Work instructions >> Every line from the one with "Felpa nera con" to the end of the listing below must be printed exactly, with no other text and no pictures.

** Opening Information block **

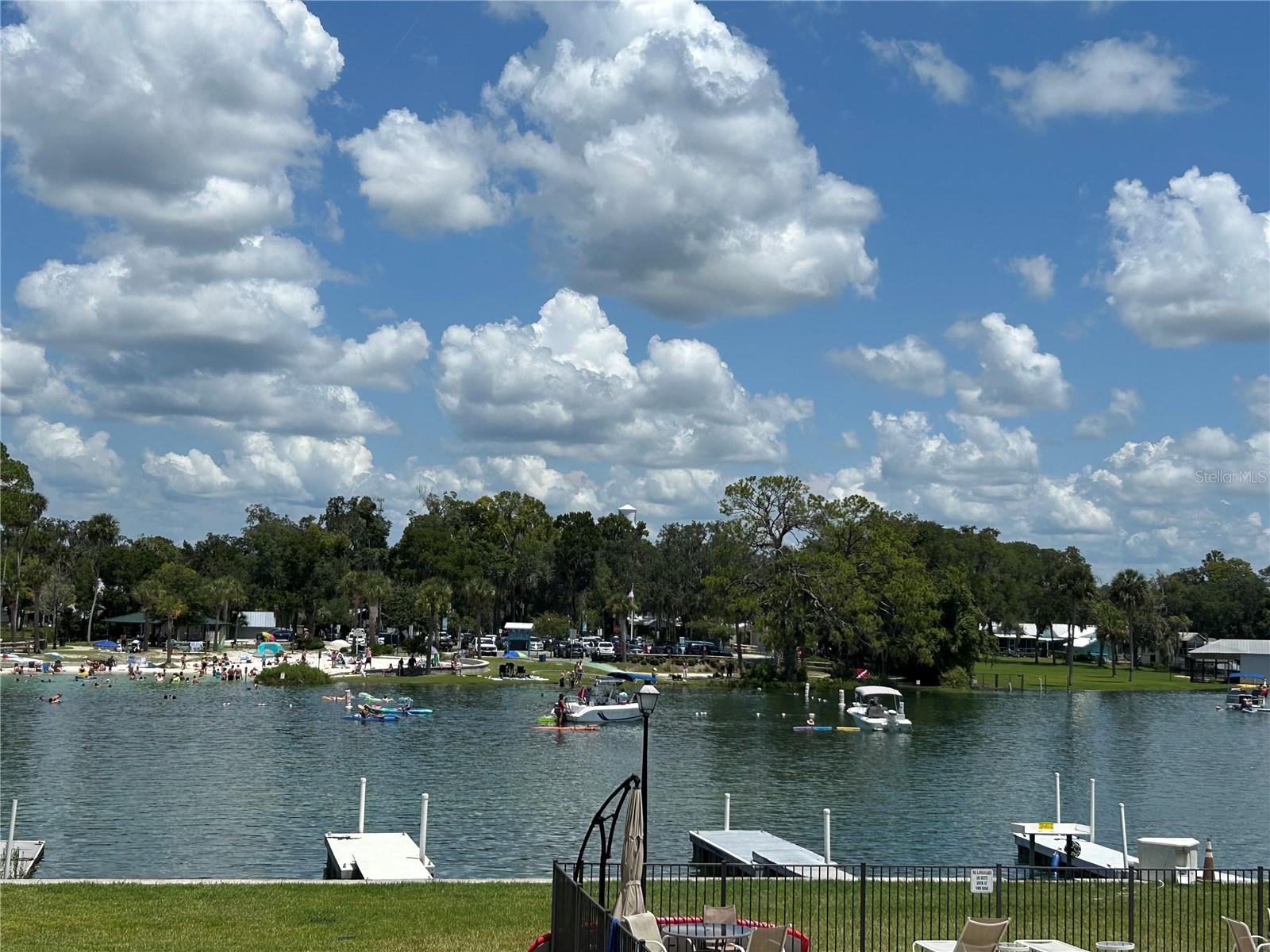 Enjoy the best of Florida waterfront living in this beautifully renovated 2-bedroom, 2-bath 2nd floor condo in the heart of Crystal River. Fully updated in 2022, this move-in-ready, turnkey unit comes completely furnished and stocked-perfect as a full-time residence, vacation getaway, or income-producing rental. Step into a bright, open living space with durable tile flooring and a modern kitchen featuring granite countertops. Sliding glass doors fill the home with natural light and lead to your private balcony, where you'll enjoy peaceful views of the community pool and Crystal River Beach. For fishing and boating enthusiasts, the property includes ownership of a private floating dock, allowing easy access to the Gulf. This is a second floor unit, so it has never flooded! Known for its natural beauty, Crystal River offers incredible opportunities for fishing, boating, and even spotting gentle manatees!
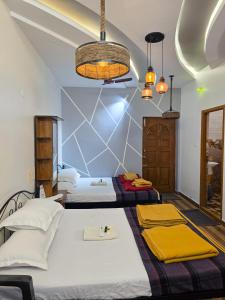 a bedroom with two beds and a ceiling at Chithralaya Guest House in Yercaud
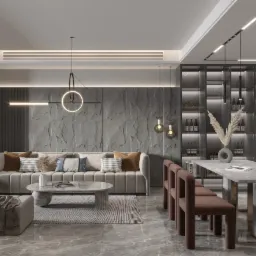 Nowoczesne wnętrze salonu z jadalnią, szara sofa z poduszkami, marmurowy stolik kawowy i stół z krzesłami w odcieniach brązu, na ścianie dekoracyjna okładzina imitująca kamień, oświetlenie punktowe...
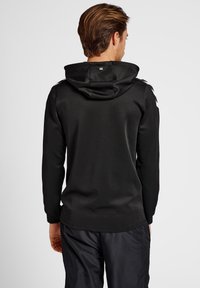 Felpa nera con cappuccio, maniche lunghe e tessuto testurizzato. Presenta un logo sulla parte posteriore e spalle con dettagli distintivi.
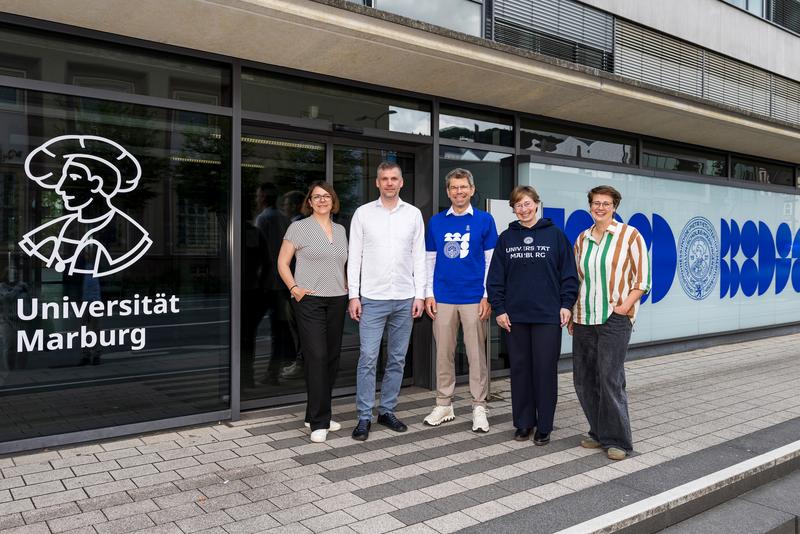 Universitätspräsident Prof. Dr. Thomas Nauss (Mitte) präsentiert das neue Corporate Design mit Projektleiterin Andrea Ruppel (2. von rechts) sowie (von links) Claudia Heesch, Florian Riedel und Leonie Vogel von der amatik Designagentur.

** Closing Information block **

Result of the exercise >>
 Felpa nera con cappuccio, maniche lunghe e tessuto testurizzato. Presenta un logo sulla parte posteriore e spalle con dettagli distintivi.
 Universitätspräsident Prof. Dr. Thomas Nauss (Mitte) präsentiert das neue Corporate Design mit Projektleiterin Andrea Ruppel (2. von rechts) sowie (von links) Claudia Heesch, Florian Riedel und Leonie Vogel von der amatik Designagentur.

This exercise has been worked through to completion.